Working with external and internal direct sums

My information for this one is limited, so I'll need a hand.

Suppose $\displaystyle V$ and $\displaystyle W$ are vector spaces over a field $\displaystyle F$.

Now suppose $\displaystyle W_1$ and $\displaystyle W_2$ are subspaces of $\displaystyle V$. We denote the *external* direct sum of $\displaystyle W_1$ and $\displaystyle W_2$ by $\displaystyle W_1\times W_2$, and denote the *internal* direct sum of $\displaystyle W_1$ and $\displaystyle W_2$ by $\displaystyle W_1\oplus W_2$. Define $\displaystyle \varphi : W_1\times W_2\rightarrow W_1+W_2$ by $\displaystyle \varphi(w_1,w_2)=w_1+w_2$ for all $\displaystyle (w_1,w_2)\in W_1\times W_2$.

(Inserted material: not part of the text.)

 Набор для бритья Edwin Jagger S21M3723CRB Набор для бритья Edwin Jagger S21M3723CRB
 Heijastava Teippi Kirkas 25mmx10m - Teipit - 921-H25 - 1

**a)** Prove that $\displaystyle \varphi$ is a surjective linear transformation.

**b)** Prove that $\displaystyle \varphi$ is an isomorphism if and only if $\displaystyle W_1+W_2=W_1\oplus W_2$.

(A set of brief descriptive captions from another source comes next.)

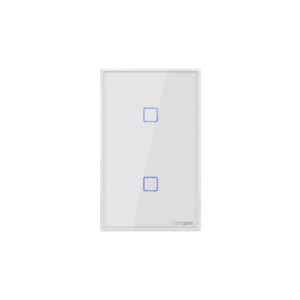 Sonoff Light Switch White 2CH WiFi RF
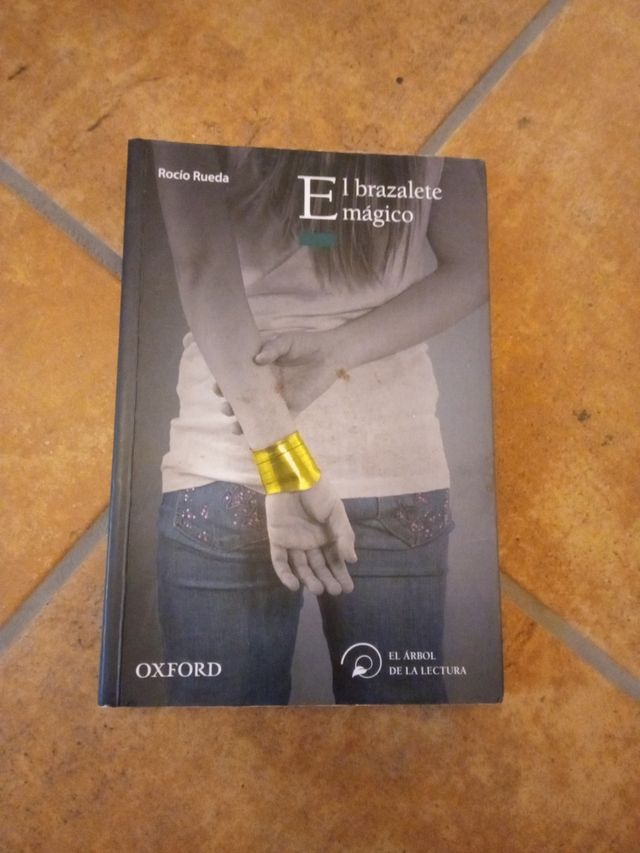 Libro el brazalete mágico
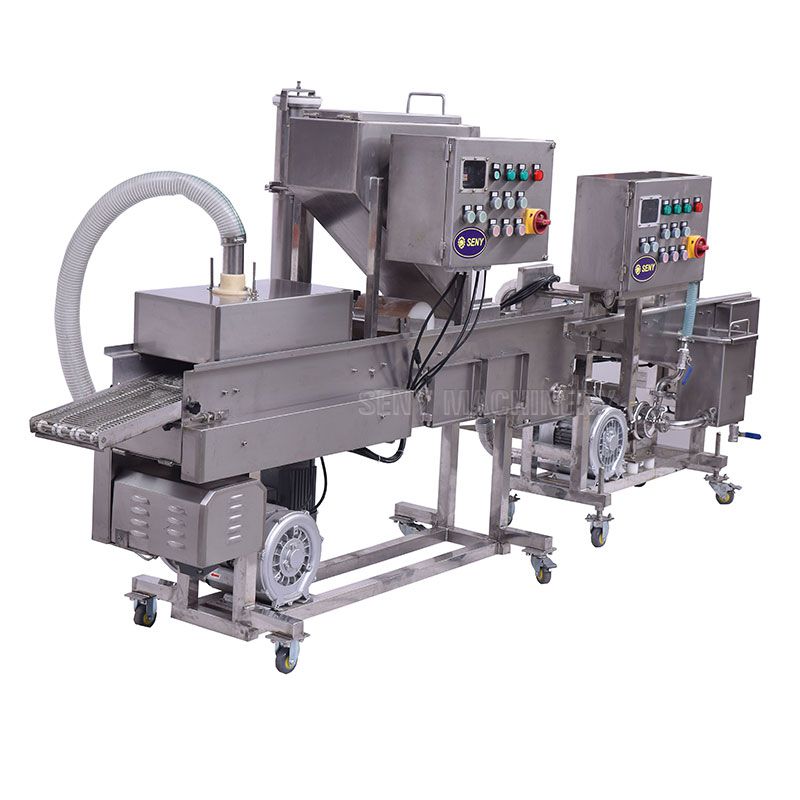 Multi-Function Encrusting Machine SY-800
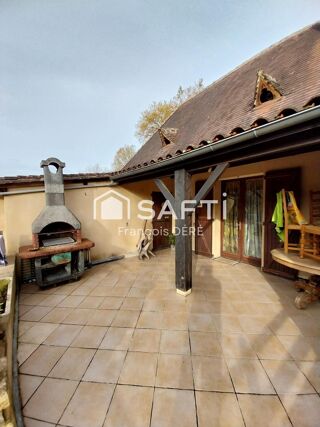  Maison � vendre 9 pi�ces 238 m�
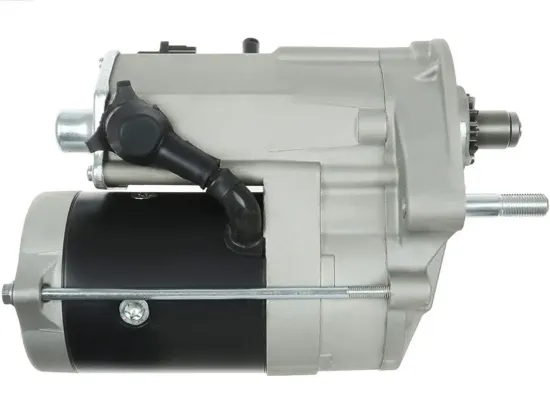 Starter 12 V 2,7 kW AS-PL S6534S Bild Starter 12 V 2,7 kW AS-PL S6534S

There isn't anything in our reading material that differentiates between external and internal direct sums, though I found the definitions online. In case anyone needs the definition for direct sum (in a basic sense), I have it below.

$\displaystyle V=W_1\oplus ...\oplus W_k$, if $\displaystyle W_1+...+W_k=V$ and $\displaystyle W_1,...,W_k$ are independent.